TASK PROMPT »
Skip the pictures, and retype the data below in full, exactly.
-=-=-
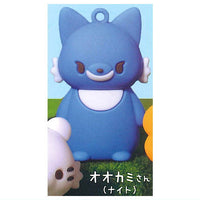 Kowakunaine Fukkura rubber figure [2.Wolf (Night)]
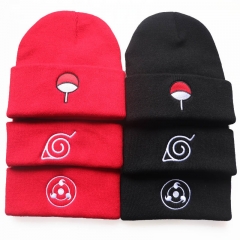 17 Styles Naruto Fashion Unisex Cartoon Cap Anime Knitted Hat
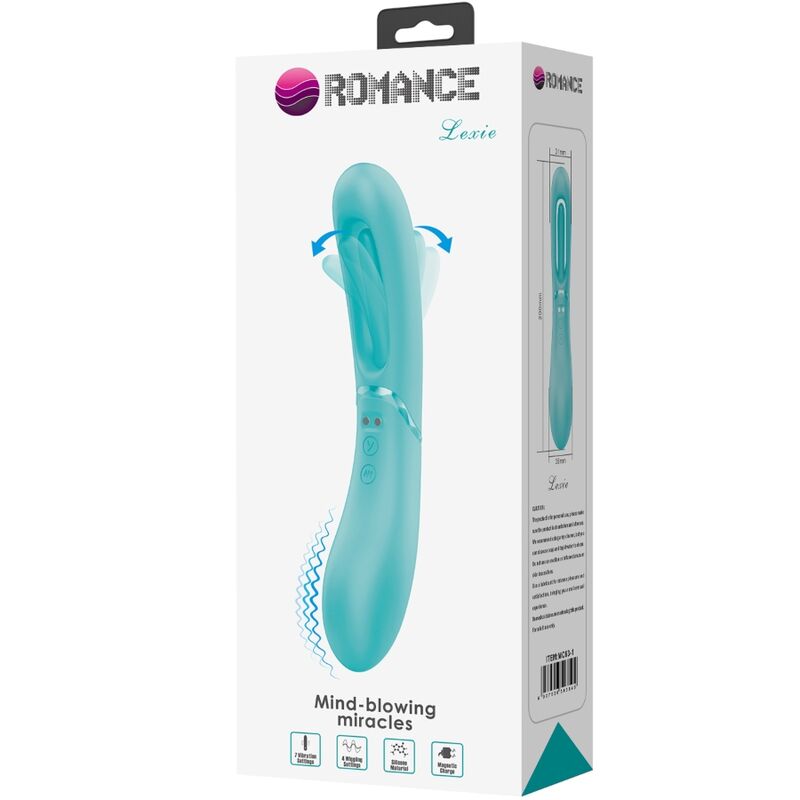 ROMANCE - LEXIE G-SPOT VIBRATOR 7 VIBRATIONS BLUE - NOCTURNA DESIRES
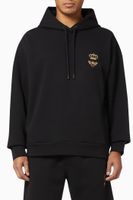 Crown Bee Hoodie in Cotton Jersey - thumbnail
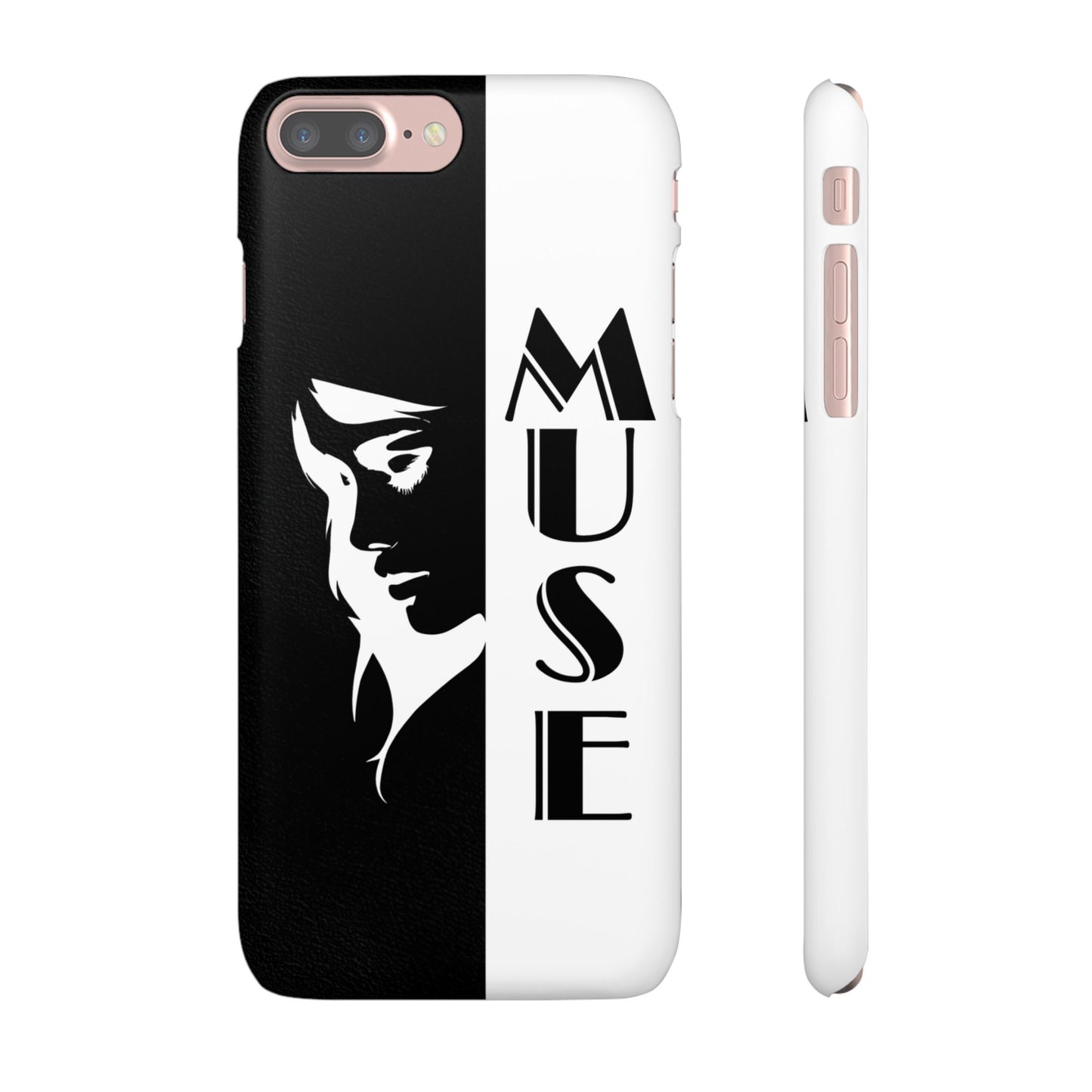 Black And White Bold Muse Snap Case Cover for iPhone and Samsung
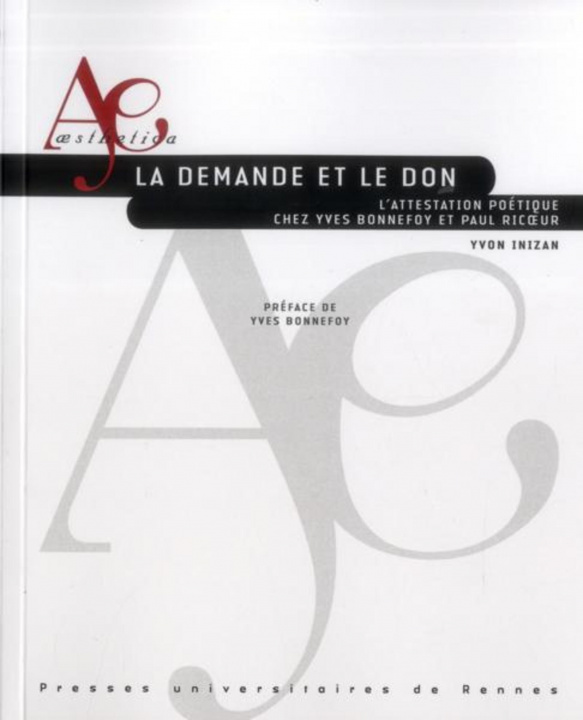 Boek DEMANDE ET LE DON Inizan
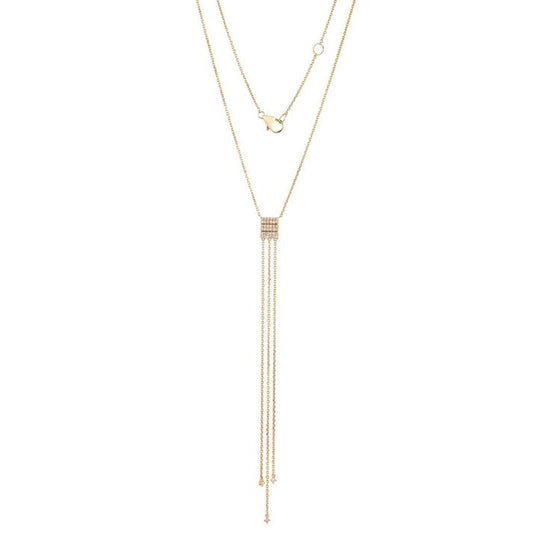 Diamond Mirage Lariat Necklace in 14K Yellow Gold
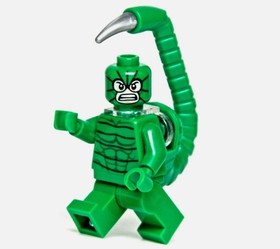 LEGO Marvel Superheroes Ultimate Spider-Man ~ SCORPION Minifigure (sh0269/76057)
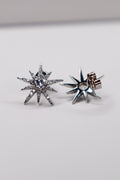 Starburst Sterling Silver Stud Earrings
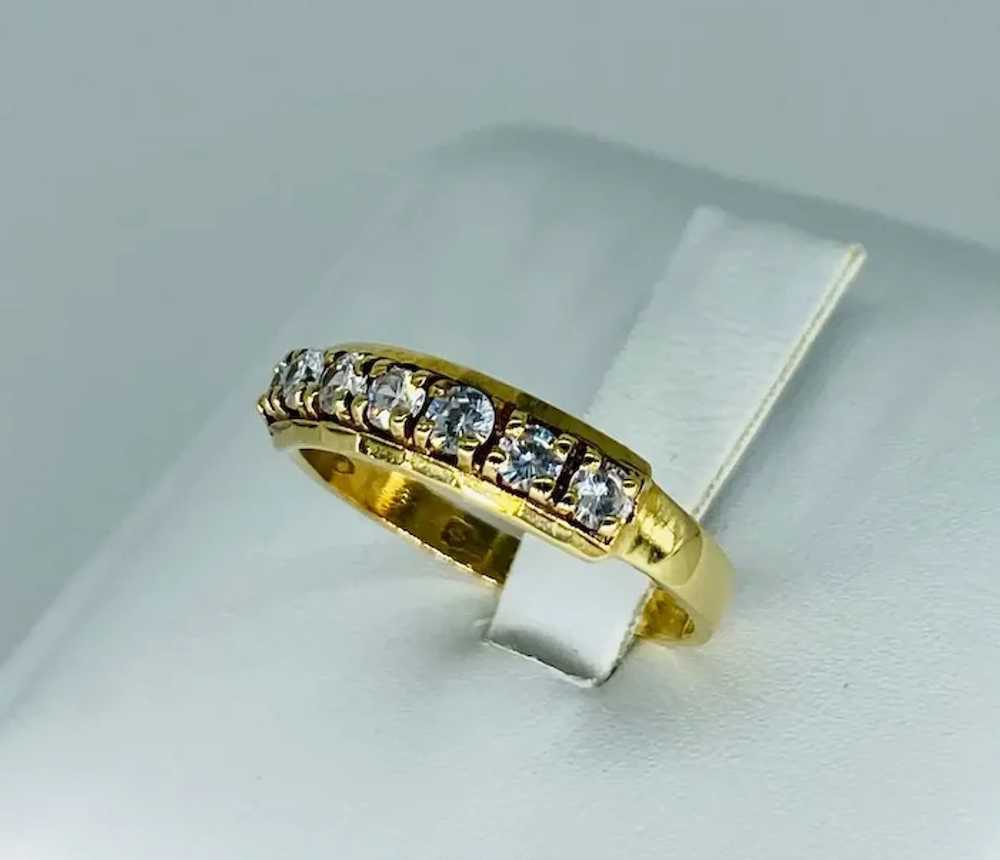 Antique 0.70 Carat Diamond Half Eternity Ring - image 3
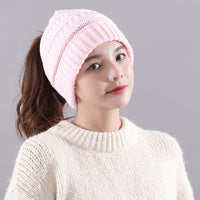 Winter New Warm Empty Top Knitted Woolen Hat
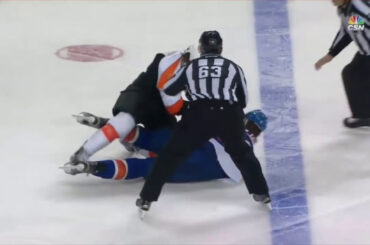 Claude Giroux vs Nick Leddy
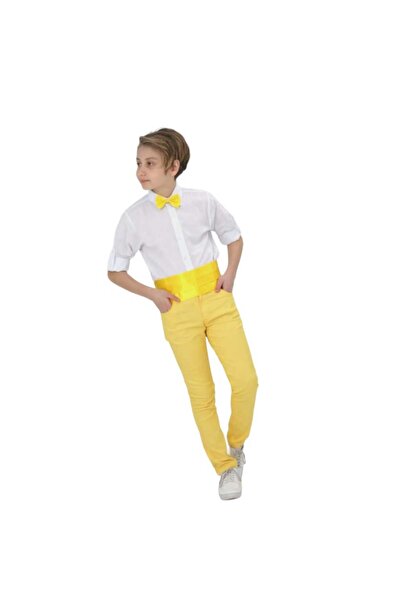 trenddünya Boy's Shirt Pants Bow Tie Suspender Four Pieces Set-23 April-29 Oc...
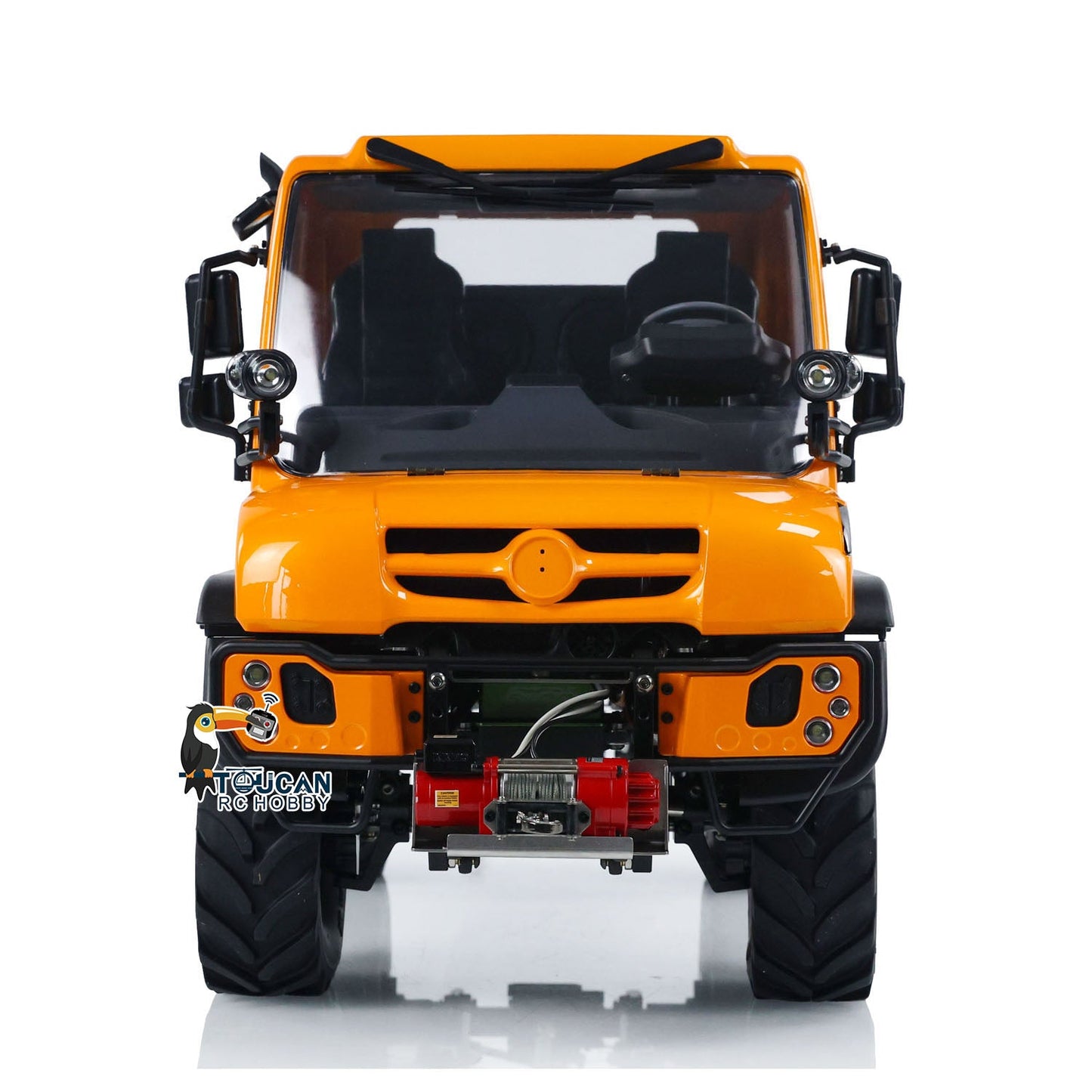 UNI U423 1/10 RC Rock Crawler Car RTR 4X4 4WD Remote Control Off-road Vehicles Metal Axles Bucket Light Sound DDF350 Radio Battery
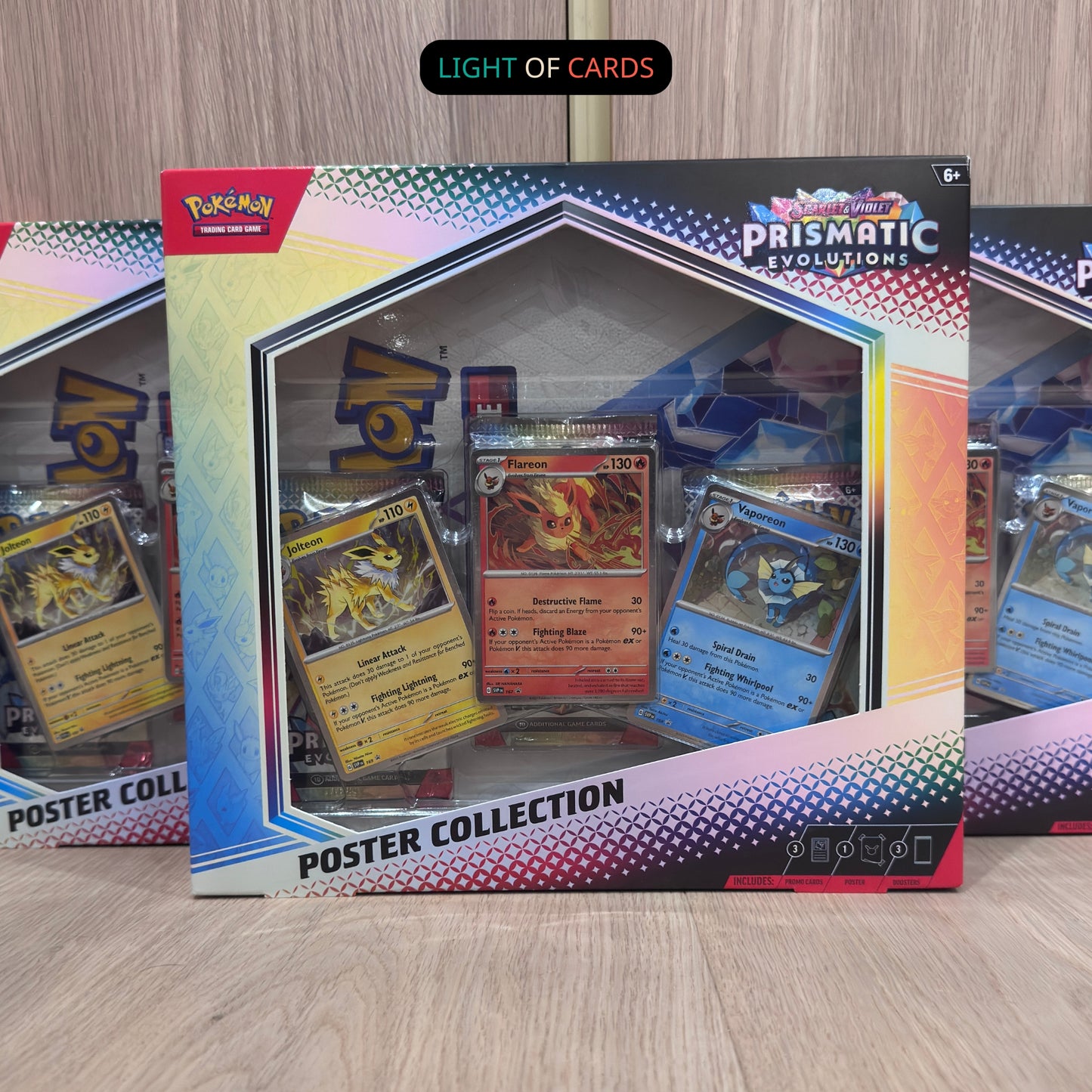 Pokemon TCG - Scarlet & Violet - Prismatic Evolutions Poster Collection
-=-=-
RESULT OF THE EXERCISE »
 Kowakunaine Fukkura rubber figure [2.Wolf (Night)]
 17 Styles Naruto Fashion Unisex Cartoon Cap Anime Knitted Hat
 ROMANCE - LEXIE G-SPOT VIBRATOR 7 VIBRATIONS BLUE - NOCTURNA DESIRES
 Crown Bee Hoodie in Cotton Jersey - thumbnail
 Black And White Bold Muse Snap Case Cover for iPhone and Samsung
 Boek DEMANDE ET LE DON Inizan
 Diamond Mirage Lariat Necklace in 14K Yellow Gold
 LEGO Marvel Superheroes Ultimate Spider-Man ~ SCORPION Minifigure (sh0269/76057)
 Starburst Sterling Silver Stud Earrings
 Antique 0.70 Carat Diamond Half Eternity Ring - image 3
 Winter New Warm Empty Top Knitted Woolen Hat
 Claude Giroux vs Nick Leddy
 trenddünya Boy's Shirt Pants Bow Tie Suspender Four Pieces Set-23 April-29 Oc...
 UNI U423 1/10 RC Rock Crawler Car RTR 4X4 4WD Remote Control Off-road Vehicles Metal Axles Bucket Light Sound DDF350 Radio Battery
 Pokemon TCG - Scarlet & Violet - Prismatic Evolutions Poster Collection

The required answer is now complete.